It's a good time to be a seller.
Home sellers in 2016 saw the highest profits since 2007, averaging a 21 percent gain, or $38,206, according to ATTOM Data Solutions' Year-End 2016 U.S. Home Sales Report. Sellers in San Jose and San Francisco, Calif. saw the highest gain, at 69 percent, as well as those in Santa Rosa, Calif., at 52 percent, Los Angeles, Calif., at 49 percent, and Seattle, Wash., at 48 percent.
Forty-four percent of housing markets reached all-time price peaks in 2016, according to the report, including Dallas-Fort Worth, Texas ($230,571), Houston, Texas ($214,795) and Atlanta, Ga. ($181,000). The median home price in 2016 was $218,175, a 6.8 percent increase from 2015 and a 45 percent increase from the 2011 low. The highest median home prices were in New York County ($1.4 million), San Francisco County ($1.175 million) and San Mateo County ($1.075 million).
The share of distressed sales—bank-owned (REO) sales, foreclosure auction sales ("sheriff's" or "trustee's") and short sales—in 2016 tumbled to 16.2 percent from 18.8 percent in 2015, a nine-year low. Atlantic City, N.J. saw the most distressed sales at 43.8 percent, followed by Hagerstown-Martinsburg, Md.-W.Va. at 33.2 percent and Rockford, Ill. at 29.2 percent.

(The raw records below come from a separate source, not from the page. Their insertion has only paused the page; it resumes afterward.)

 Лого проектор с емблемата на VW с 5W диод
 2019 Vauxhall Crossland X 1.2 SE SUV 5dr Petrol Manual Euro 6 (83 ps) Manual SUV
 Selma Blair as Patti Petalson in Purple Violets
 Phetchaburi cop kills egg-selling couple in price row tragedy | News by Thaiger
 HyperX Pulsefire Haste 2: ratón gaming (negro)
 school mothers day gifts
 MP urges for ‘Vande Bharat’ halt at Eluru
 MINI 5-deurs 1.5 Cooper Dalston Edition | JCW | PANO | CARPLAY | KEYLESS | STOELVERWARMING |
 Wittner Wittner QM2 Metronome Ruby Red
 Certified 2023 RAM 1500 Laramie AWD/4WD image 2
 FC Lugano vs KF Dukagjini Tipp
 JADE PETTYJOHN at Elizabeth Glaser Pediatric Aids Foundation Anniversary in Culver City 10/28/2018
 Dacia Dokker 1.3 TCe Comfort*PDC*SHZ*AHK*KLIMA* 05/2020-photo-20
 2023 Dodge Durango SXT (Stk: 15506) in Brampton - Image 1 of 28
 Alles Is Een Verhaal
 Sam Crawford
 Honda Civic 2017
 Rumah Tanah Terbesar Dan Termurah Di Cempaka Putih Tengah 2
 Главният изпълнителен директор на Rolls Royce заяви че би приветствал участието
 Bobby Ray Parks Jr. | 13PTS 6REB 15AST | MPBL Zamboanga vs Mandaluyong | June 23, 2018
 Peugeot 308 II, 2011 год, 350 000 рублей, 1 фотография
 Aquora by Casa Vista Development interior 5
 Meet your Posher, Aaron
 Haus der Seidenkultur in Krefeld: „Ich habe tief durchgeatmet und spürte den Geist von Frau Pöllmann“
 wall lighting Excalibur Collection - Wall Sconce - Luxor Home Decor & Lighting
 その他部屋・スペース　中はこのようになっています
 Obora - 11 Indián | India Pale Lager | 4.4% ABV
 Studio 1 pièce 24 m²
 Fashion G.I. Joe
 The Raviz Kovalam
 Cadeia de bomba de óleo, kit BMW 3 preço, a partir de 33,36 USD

More foreclosure auctions were sold to third-party buyers in 2016, comprising 28.5 percent of all completed auctions.
"The housing market hit several important milestones in 2016, with distressed sales at a nine-year low and home prices at a 10-year high, just barely below the pre-recession peak in 2006," says Daren Blomquist, senior vice president at ATTOM Data Solutions. "This was all good news for home sellers, who realized their biggest average profits since purchase nationwide in 2016. Even distressed property sellers are benefitting from this hot seller's market, with a record-high share of homes at foreclosure auction being purchased by third-party buyers, rather than reverting back to the foreclosing bank."